Image-caption web data:
↓

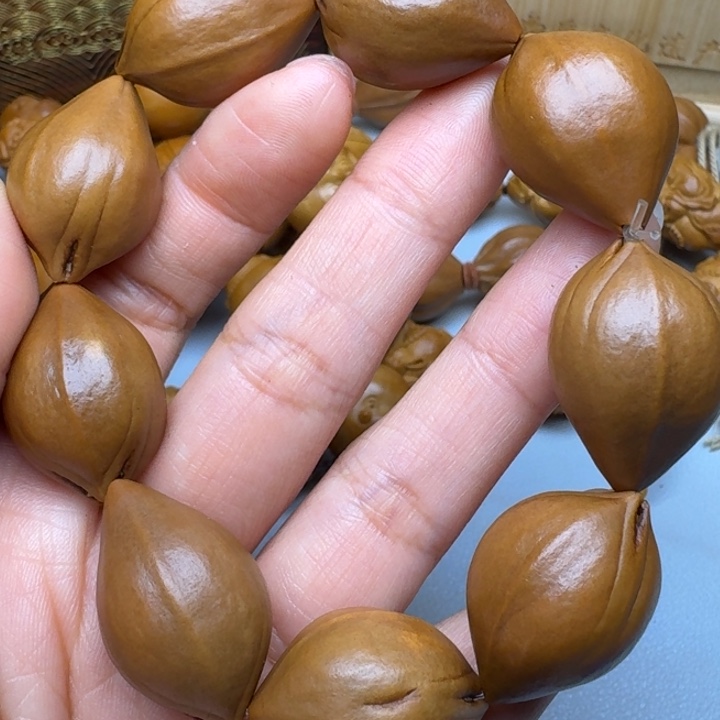 手串/手链橄榄核福利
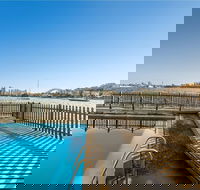 Maccallum Pool - Hotel Accommodation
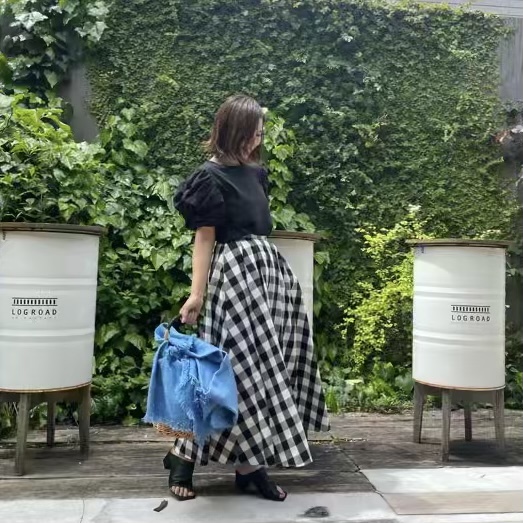 【40代 ヘアスタイル】面長な私のヘアスタイル変遷。_1_15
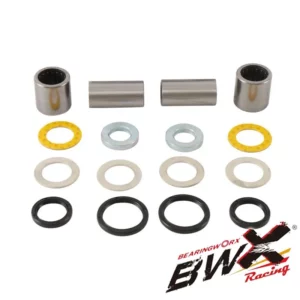 342-SAK218#1.jpg. BWX Swing Arm Bearing Kit - CRF250/450R/RX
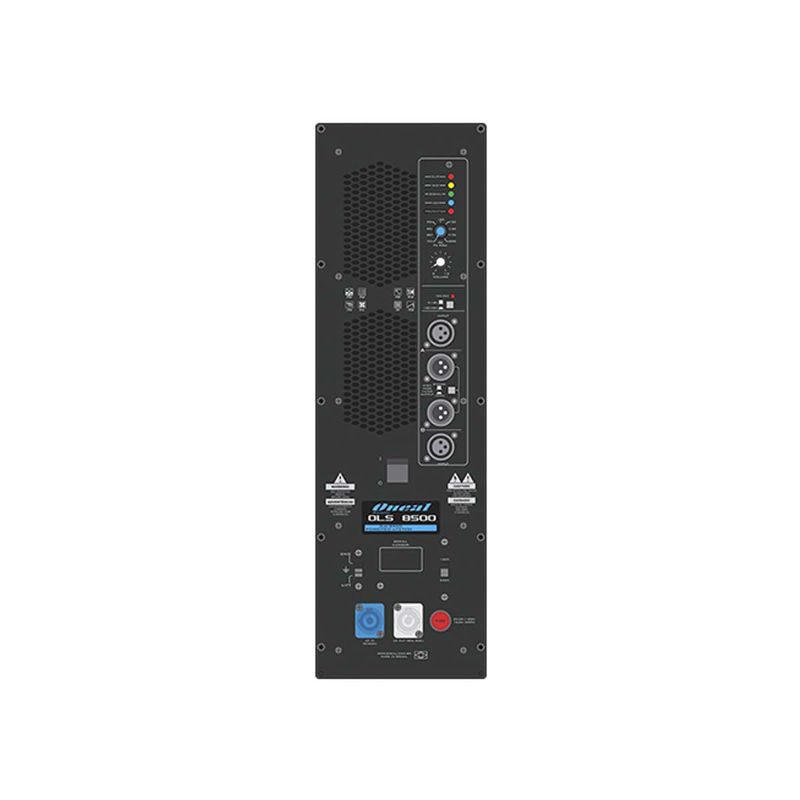 SUBGRAVE-ONEAL-OLS-8500-PT-2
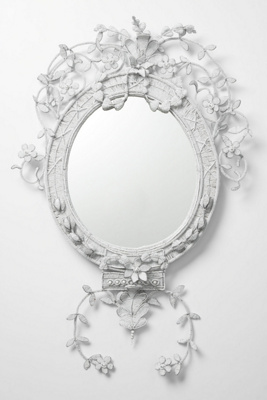 Mandevilla Mirror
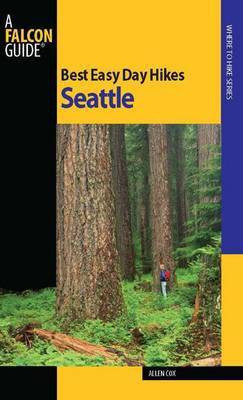 Seattle(English, Electronic book text, Cox Allen)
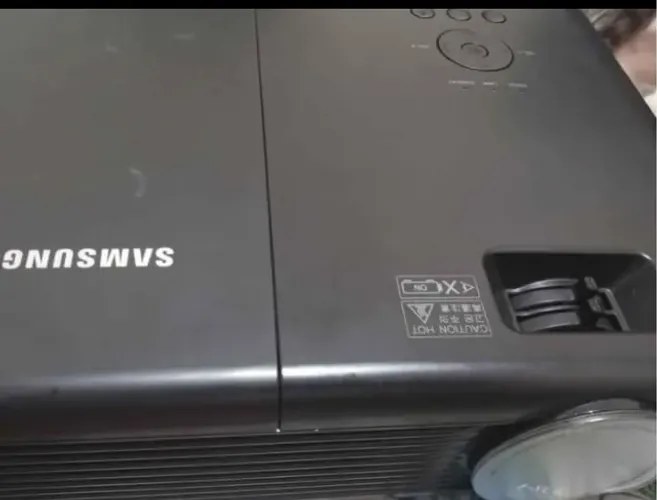 Projetor Samsung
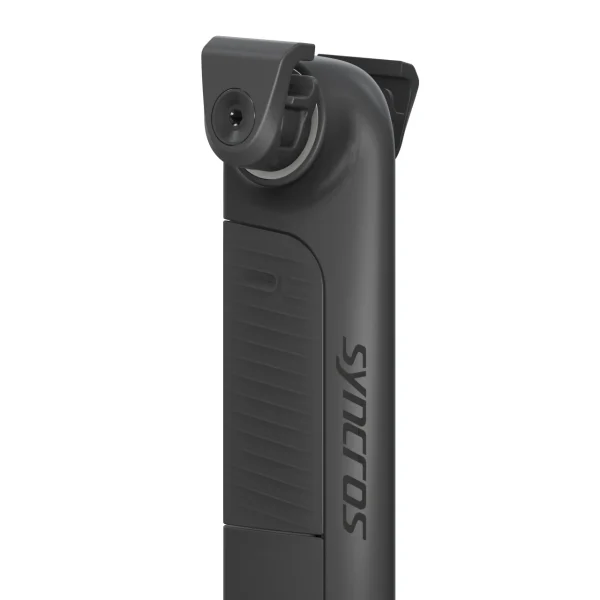 Syncros Duncan SL Aero CFT 0mm Offset Carbon Rennrad Fahrrad Sattelstütze Schwarz Factory Preis 3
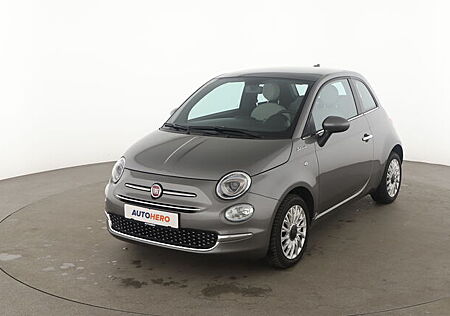 Fiat 500 1.0 Mild-Hybrid Dolcevita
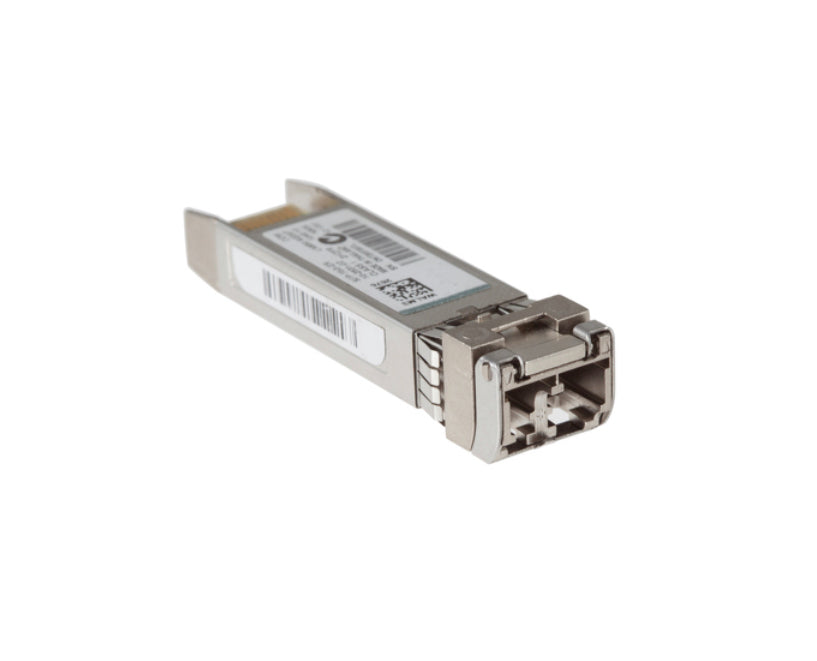 Cisco 10GBASE-ER SFP+-Modul, 40 km, REF, SFP-10G-ER, generalüberholt, Original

↑

**TASK OBJECTIVE**:
Beginning with the first line of the records above, extract each line exactly through the line that holds "Fiat 500 1.0 Mild-Hybrid Dolcevita", both ends included. Omit pictures.

**SOLUTION**:
 手串/手链橄榄核福利
 Maccallum Pool - Hotel Accommodation
 【40代 ヘアスタイル】面長な私のヘアスタイル変遷。_1_15
 342-SAK218#1.jpg. BWX Swing Arm Bearing Kit - CRF250/450R/RX
 SUBGRAVE-ONEAL-OLS-8500-PT-2
 Mandevilla Mirror
 Seattle(English, Electronic book text, Cox Allen)
 Projetor Samsung
 Syncros Duncan SL Aero CFT 0mm Offset Carbon Rennrad Fahrrad Sattelstütze Schwarz Factory Preis 3
 Fiat 500 1.0 Mild-Hybrid Dolcevita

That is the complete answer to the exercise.